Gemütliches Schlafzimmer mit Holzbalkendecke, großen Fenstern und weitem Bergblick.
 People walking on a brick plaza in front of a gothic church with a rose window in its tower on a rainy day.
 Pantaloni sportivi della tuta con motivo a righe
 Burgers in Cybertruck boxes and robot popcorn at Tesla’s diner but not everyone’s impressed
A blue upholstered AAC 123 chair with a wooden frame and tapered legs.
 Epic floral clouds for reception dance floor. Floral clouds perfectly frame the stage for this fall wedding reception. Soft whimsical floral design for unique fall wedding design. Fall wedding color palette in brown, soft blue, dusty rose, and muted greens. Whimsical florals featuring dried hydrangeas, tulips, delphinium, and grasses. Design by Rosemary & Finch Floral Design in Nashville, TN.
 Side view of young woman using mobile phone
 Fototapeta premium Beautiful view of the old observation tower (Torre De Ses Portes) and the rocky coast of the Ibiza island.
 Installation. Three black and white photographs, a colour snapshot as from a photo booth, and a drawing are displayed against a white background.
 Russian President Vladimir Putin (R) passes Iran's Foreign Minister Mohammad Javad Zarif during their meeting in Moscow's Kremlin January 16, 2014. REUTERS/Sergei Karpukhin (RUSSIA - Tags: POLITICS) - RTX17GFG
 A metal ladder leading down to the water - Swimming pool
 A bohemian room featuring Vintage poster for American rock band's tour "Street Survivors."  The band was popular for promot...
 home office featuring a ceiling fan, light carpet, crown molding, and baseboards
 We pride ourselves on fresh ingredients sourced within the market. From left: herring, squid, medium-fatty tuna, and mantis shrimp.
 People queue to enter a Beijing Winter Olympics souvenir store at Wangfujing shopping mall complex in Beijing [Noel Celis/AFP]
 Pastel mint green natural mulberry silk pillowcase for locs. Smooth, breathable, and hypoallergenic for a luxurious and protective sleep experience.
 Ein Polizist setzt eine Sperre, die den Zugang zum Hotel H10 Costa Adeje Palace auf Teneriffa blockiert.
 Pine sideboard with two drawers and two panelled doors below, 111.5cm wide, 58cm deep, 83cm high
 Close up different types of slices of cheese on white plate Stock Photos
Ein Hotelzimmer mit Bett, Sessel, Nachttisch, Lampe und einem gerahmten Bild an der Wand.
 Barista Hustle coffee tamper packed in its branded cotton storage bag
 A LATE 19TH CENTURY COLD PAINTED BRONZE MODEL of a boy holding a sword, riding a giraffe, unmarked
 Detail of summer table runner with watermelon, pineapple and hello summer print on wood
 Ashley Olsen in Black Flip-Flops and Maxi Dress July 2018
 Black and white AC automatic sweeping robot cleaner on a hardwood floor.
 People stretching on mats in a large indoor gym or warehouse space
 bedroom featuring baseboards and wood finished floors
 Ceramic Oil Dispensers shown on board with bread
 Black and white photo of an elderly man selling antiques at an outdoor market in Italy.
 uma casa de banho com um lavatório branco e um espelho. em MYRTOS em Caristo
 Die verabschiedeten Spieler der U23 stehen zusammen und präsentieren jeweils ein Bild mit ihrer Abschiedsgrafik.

==================================================

- About this task -
Pull every line containing "Bild" from the material above.

- Expected answer -
Ein Hotelzimmer mit Bett, Sessel, Nachttisch, Lampe und einem gerahmten Bild an der Wand.
 Die verabschiedeten Spieler der U23 stehen zusammen und präsentieren jeweils ein Bild mit ihrer Abschiedsgrafik.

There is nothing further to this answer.